Administration of Oaths
The administration of oaths has always been an important function of the notary. The Solicitors (Scotland) Act 1980, Section 39 provided that in any case where the administration of an oath or the receipt of an affidavit or solemn affirmation is authorised by or under any enactment it shall be lawful for the oath to be administered or, as the case may be, for the affidavit or affirmation to be received by a notary public. The provisions of Section 59 do not apply to any matter in respect of the preservation of the peace, a prosecution, trial or punishment of an offence, or any proceedings before either House of Parliament or the Scottish Parliament or any Parliamentary Committee.
Modern Fay Function of the Notary
After a long period of decline during the nineteenth century, the late twentieth century has seen a resurgence in a requirement for the notary's services.
1. Oaths, Affidavits and Affirmations – One of the traditional functions of the Notary Public in Scotland which remains today is the acting where the legal validity of a document requires the administration of an Oath or the receipt of an Affidavit or solemn Affirmation. Under the Solicitors (Scotland) Act 1980, in such cases the Oath may be administered or the Affidavit or Affirmation received by a Notary Public. Such Affidavit or Affirmation should not relate to any matter in respect of preservation of the peace; a prosecution; trial or punishment of an offence; or any proceedings before either House of Parliament or the Scottish Parliament or any Parliamentary Committee.
2. Affidavits in Undefended Divorces – Following the Divorce (Scotland) Act 1976 it is no longer necessary to have parole evidence in undefined divorces. Instead, appropriate Affidavit evidence can be used. Such Affidavits or Affirmations are made before Notaries Public, which has increased the work undertaken by Notaries in recent years, as noted in the introduction.

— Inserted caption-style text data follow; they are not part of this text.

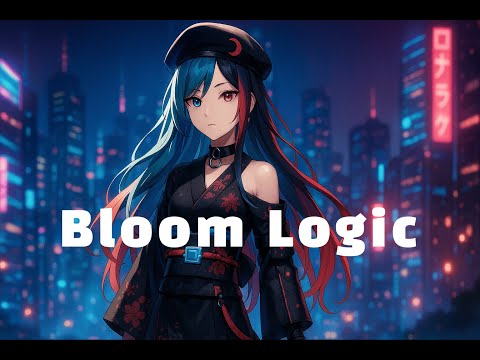 Luna Amateras Bloom Logic 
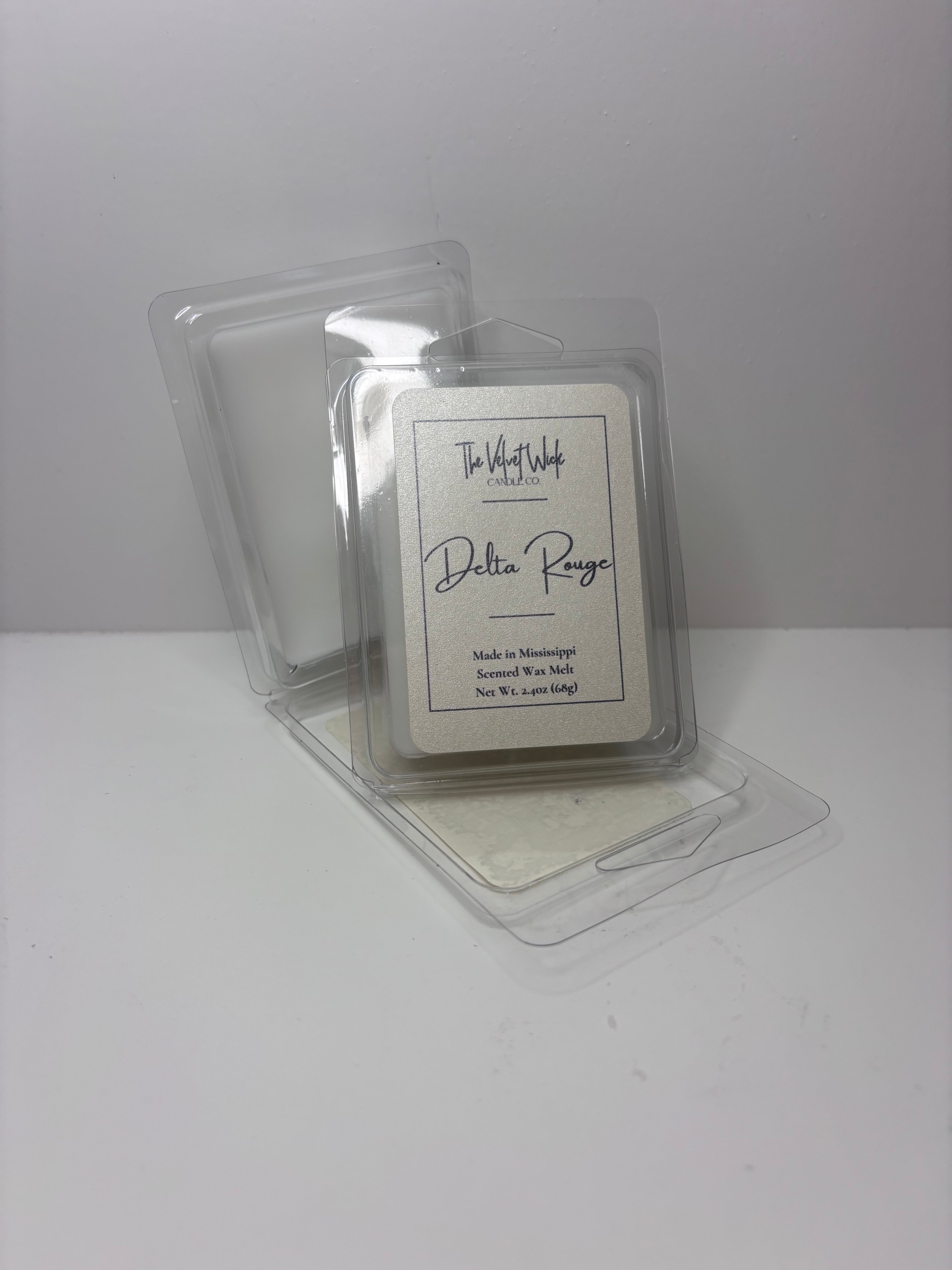 Delta Rouge- All Products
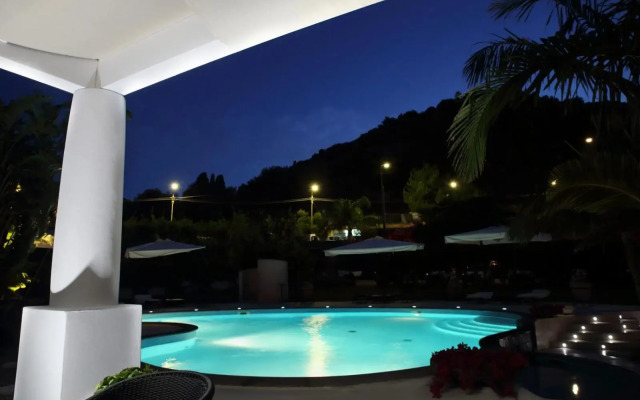 Residence La Giara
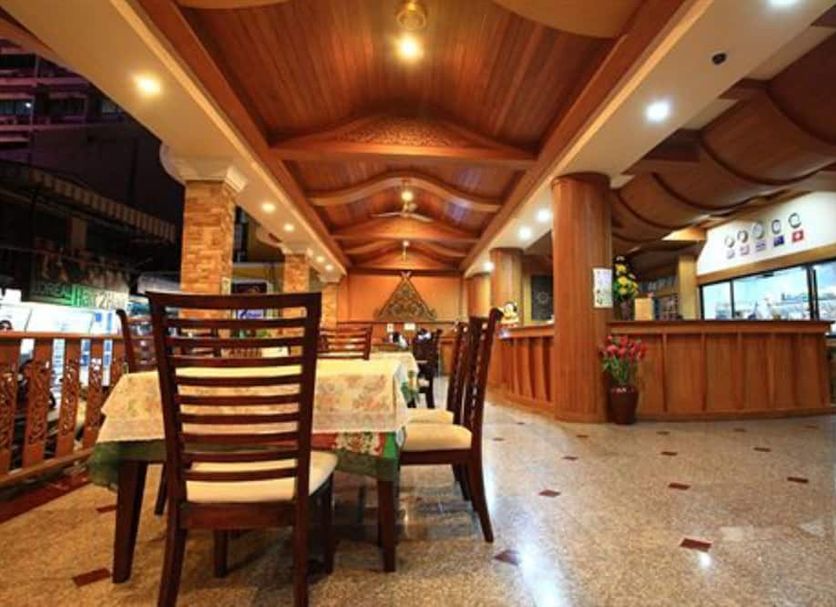 Restoran Gambar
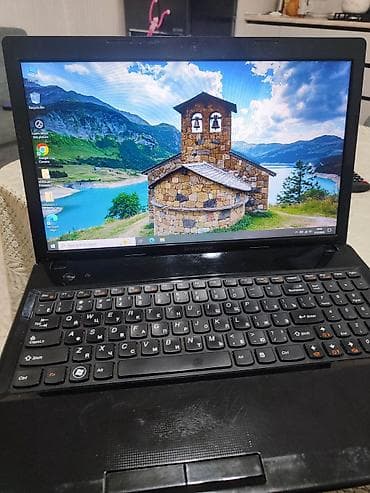 İşlənmiş Lenovo ThinkPad, 15.6 ", Intel Pentium, 512 GB, Pulsuz çatdırılma, Ödənişli çatdırılma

3. Affidavits under the Abolition of Feudal Tenure etc. (Scotland) Act 2000 and the Title Conditions (Scotland) Act 2003 – Under these Acts there are various transitional provisions which require notices sworn before a Notary, including those relating to conversion and preservation of real burdens. These provisions have ended but notices of termination of real burdens under s20 of the 2003 Act must be sworn before a Notary.
4. Protests – where a protest is made in maritime matters, e.g. against poor wind and weather condition a sea captain on arrival in a port, this is done before a Notary Public. Some Notaries retain protocol books for this specific purpose. In addition, when a protest is required for bills of exchange or promissory notes, this is also done before a Notary.
5. Foreign Documents – Many documents for use in foreign jurisdictions require execution or certification before a Notary and Notaries are frequently consulted by clients requiring documents authenticated in such matters, e.g. in the winding up of estates or in Court actions abroad. Powers of Attorney for use abroad often require to be executed before a Notary to constitute their validity.
6. Notarial execution – Since 1540 Notaries have been empowered to sign documents on behalf of persons who are blind or unable to write. This has been a useful power frequently used by Notaries. Since 1st August 1995, the requirements and procedure involved have been simplified by the Requirements of Writing (Scotland) Act 1995.
7. Miscellaneous – Other less frequent functions can be noted including the entry of a person to overseas territories; completion of the documentation required for the registration of a company in certain foreign jurisdictions and drawing for repayment of Bonds of Debenture.